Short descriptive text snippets
—————

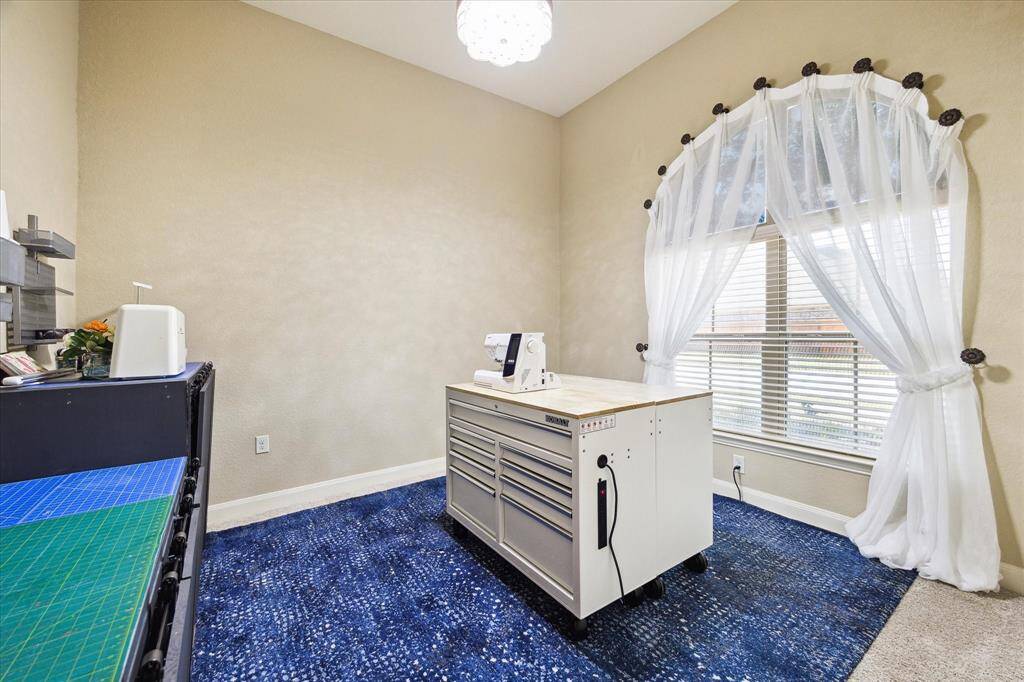 High ceilings in this spacious secondary bedroom, that is being used as a craft room currently.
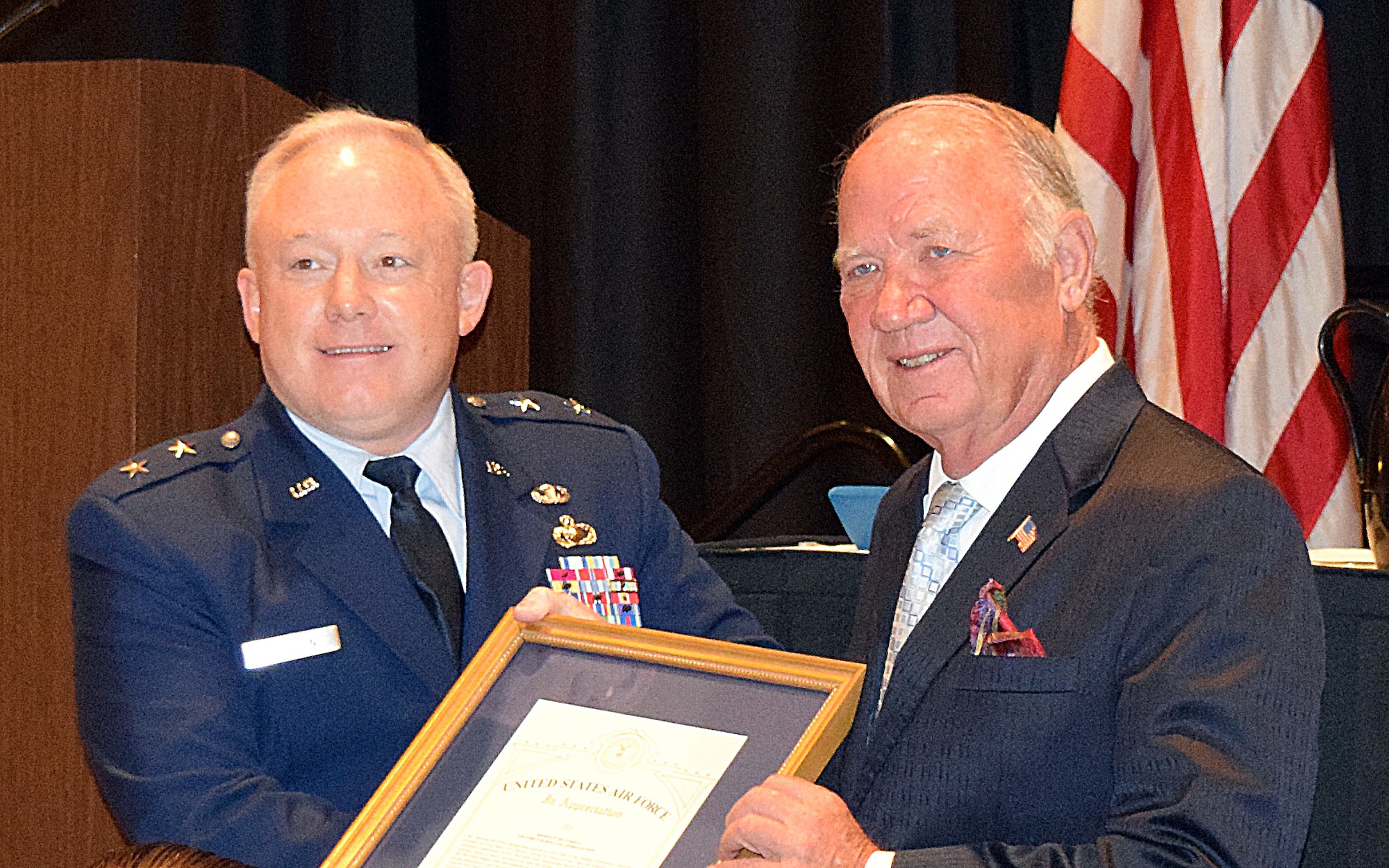 Maj. Gen. Scott Jansson, Air Force Nuclear Weapons Center commander, left, presented Sherman McCorkle, Kirtland Partnership Committee vice chair, with the Air Force Scroll of Appreciation.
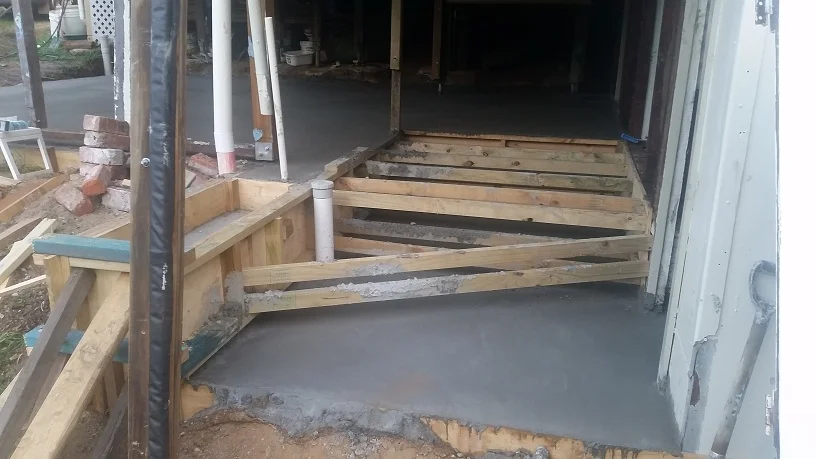 Original sloping concrete floor, internal brick and studwork removed, block levelled for two floors, formwork made, concrete poured and finished.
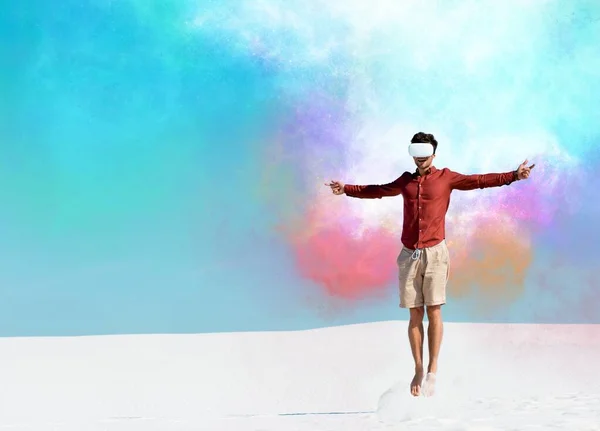 Man on sandy beach in vr headset jumping against clear blue sky, colorful clouds illustration — Stock Photo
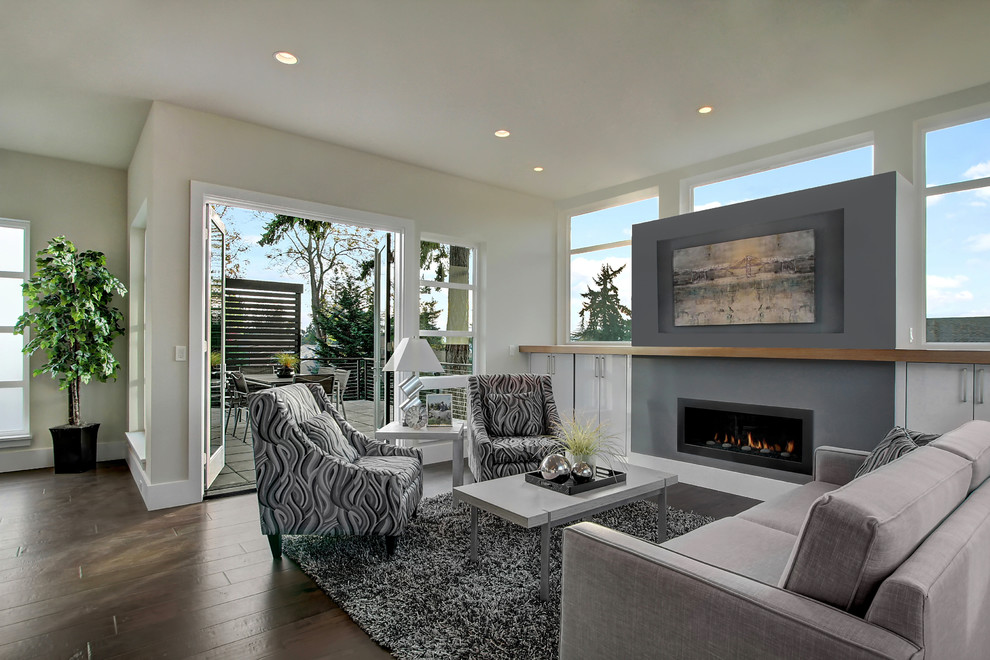 Inspiration for a mid-sized contemporary open concept family room in Seattle with beige walls, dark hardwood floors, a ribbon fireplace and a concrete fireplace surround.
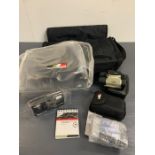 British American racing F1 promotional bag with original contents note pad, camera, binoculars and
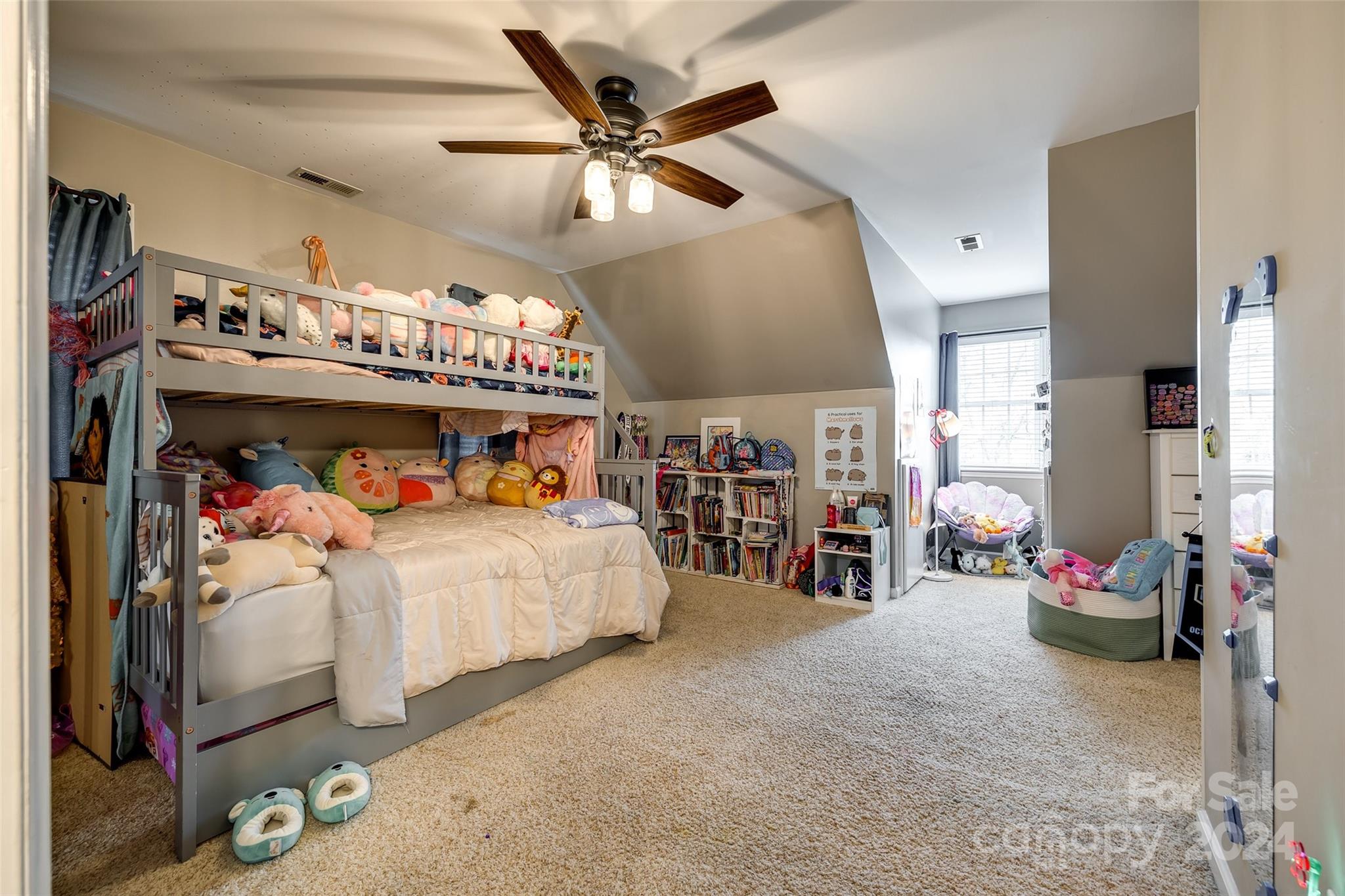 9999 Jim Sossoman Road Midland, NC 28107 - Photo 27 of 43 a bed room with a bed and a large window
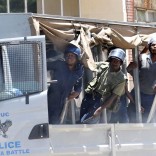 Riot police look on during a demonstration against the new ‘bond notes’ that came into circulation this week in an attempt to ease chronic cash shortages, in the capital Harare, Zimbabwe, November 30, 2016. REUTERS/Philimon Bulawayo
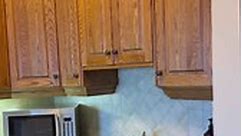 Orange oak kitchen makeover idea. Some of you asked if you could do a paint wash over the oak kitchen cabinets. The answer is yes, you can! I have to warn you it will be a lot of work. But you can get that look! #kitchen #kitchenmakeover #oakcabinets #oakkitchen #diy | Extreme Furniture Makeover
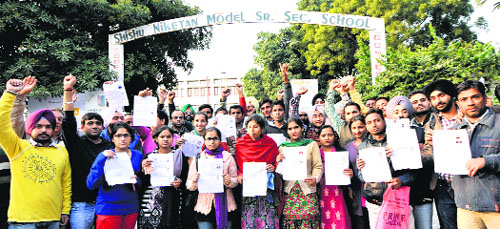 Candidates who failed to make it on time to their examination centres hold a protest outside a centre in Sector 22-D, Chandigarh. 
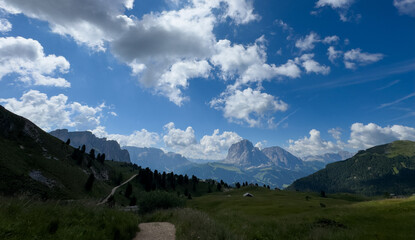 Fototapeta premium View of beautiful landscape in the Alps with fresh green meadows and mountain tops in the background on a sunny day with blue sky and clouds in summertime. Alpe di Cisles, Seceda Ridgeline, Dolomiti ,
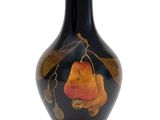 a black vase with a picture of a pear on it
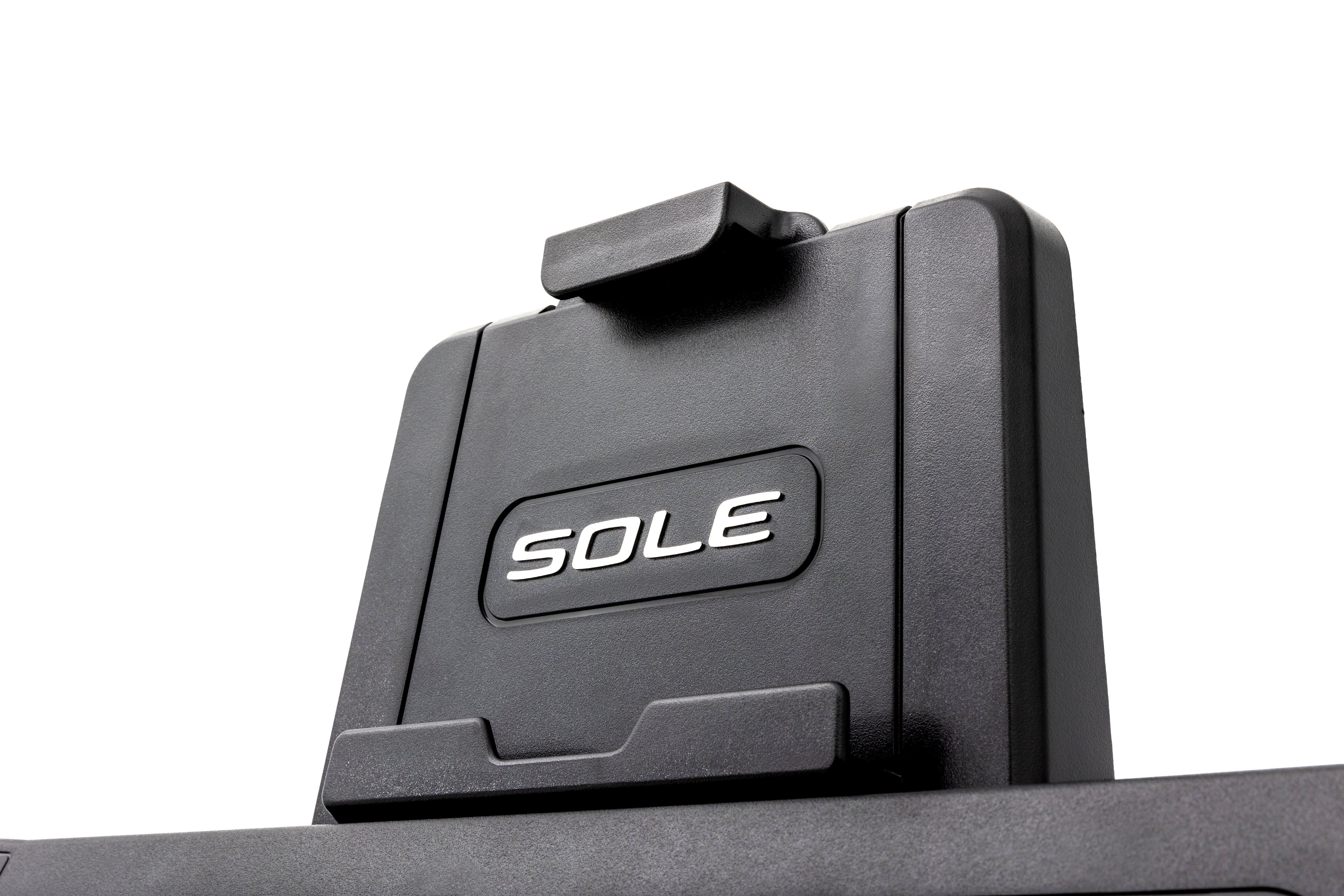 Detailed view of the Sole ST90 treadmill's tablet holder, emphasizing the embossed "SOLE" logo and textured black finish.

—————

## Your objective
Copy word for word the lines above, starting at the line containing "Original sloping concrete" and ending at the line containing "Man on sandy", inclusive, with no pictures.

## Solved problem
 Original sloping concrete floor, internal brick and studwork removed, block levelled for two floors, formwork made, concrete poured and finished.
 Man on sandy beach in vr headset jumping against clear blue sky, colorful clouds illustration — Stock Photo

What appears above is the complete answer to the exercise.